**WHAT TO DO:** Below are the entries. Print only the lines starting at the one with "Juego de Alimentación" and ending at the one with "BHS Marianne Flush", exactly, with no pictures.

**THE RECORDS:**
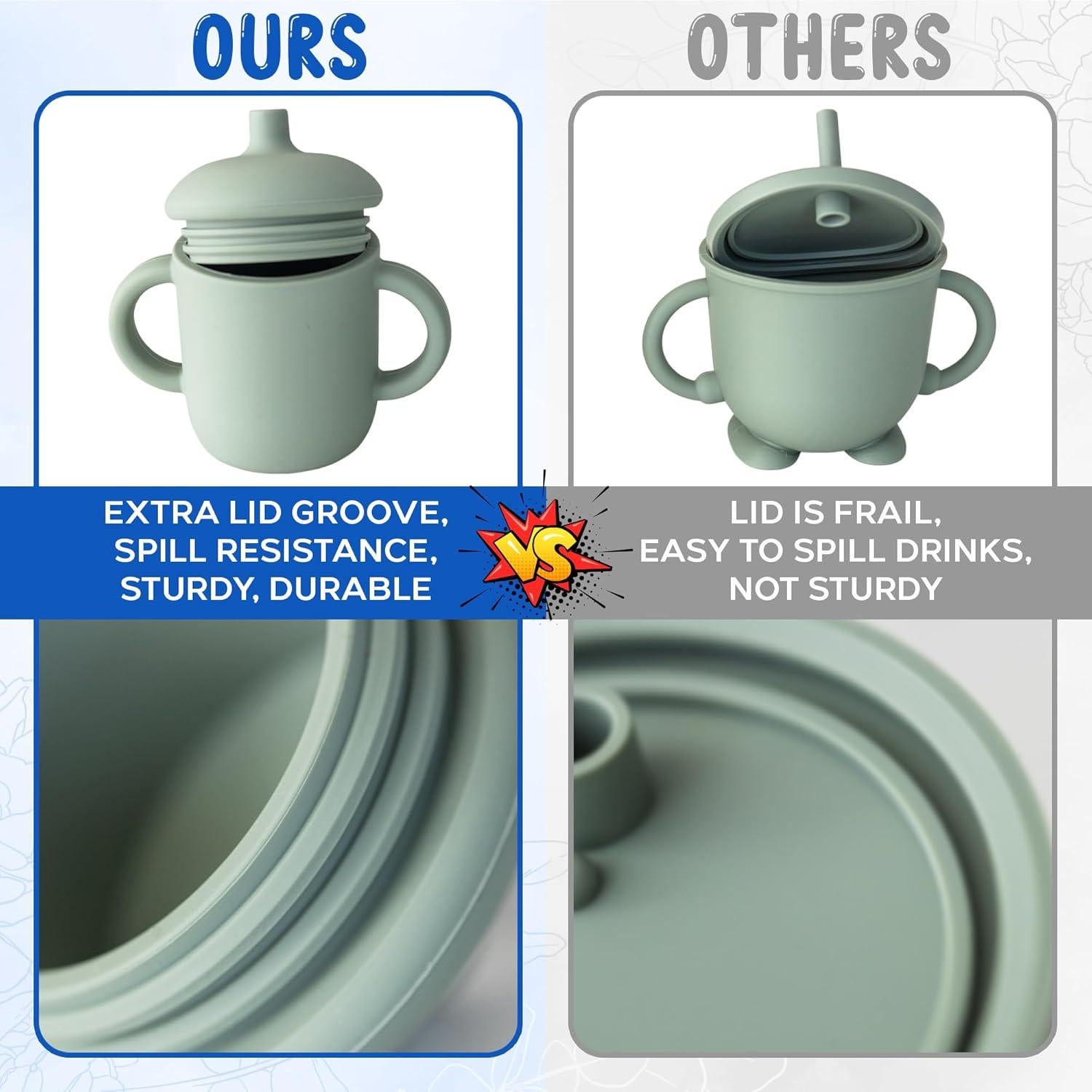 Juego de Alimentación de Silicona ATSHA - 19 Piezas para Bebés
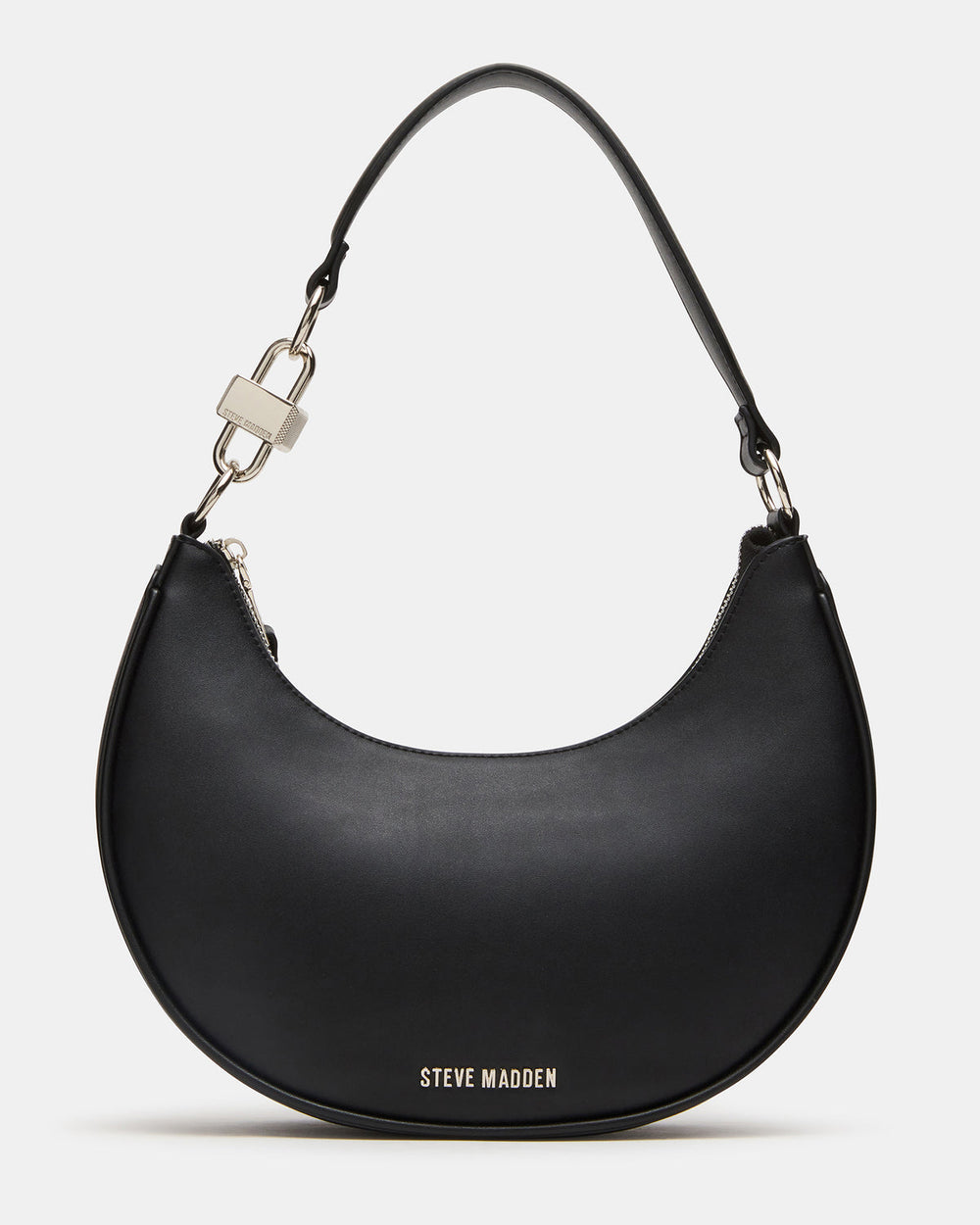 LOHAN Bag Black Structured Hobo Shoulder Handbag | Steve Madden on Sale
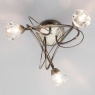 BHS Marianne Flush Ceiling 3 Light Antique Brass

...

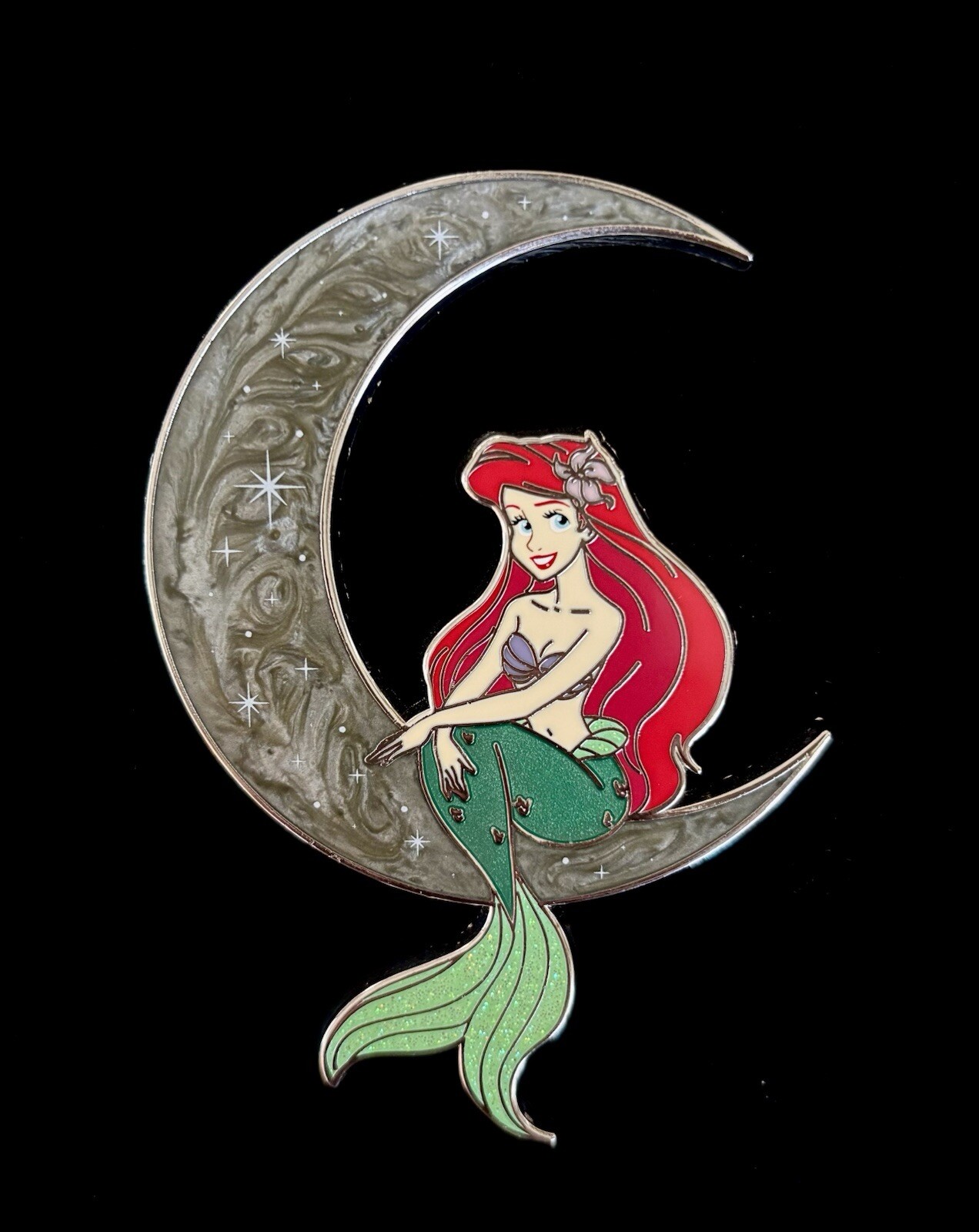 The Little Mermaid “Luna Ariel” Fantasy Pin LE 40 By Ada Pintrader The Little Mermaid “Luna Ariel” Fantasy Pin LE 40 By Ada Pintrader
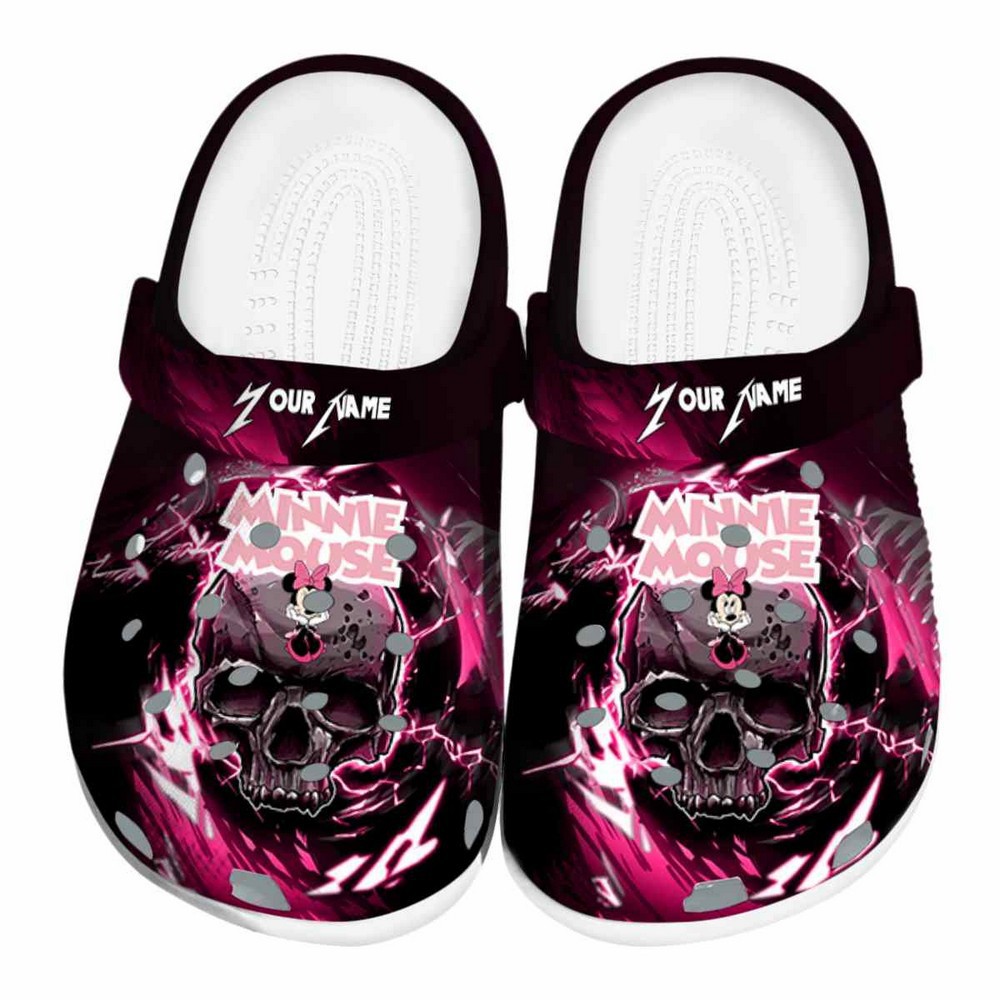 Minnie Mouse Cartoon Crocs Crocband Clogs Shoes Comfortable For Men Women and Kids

**EXERCISE RESULT:**
 Juego de Alimentación de Silicona ATSHA - 19 Piezas para Bebés
 LOHAN Bag Black Structured Hobo Shoulder Handbag | Steve Madden on Sale
 BHS Marianne Flush Ceiling 3 Light Antique Brass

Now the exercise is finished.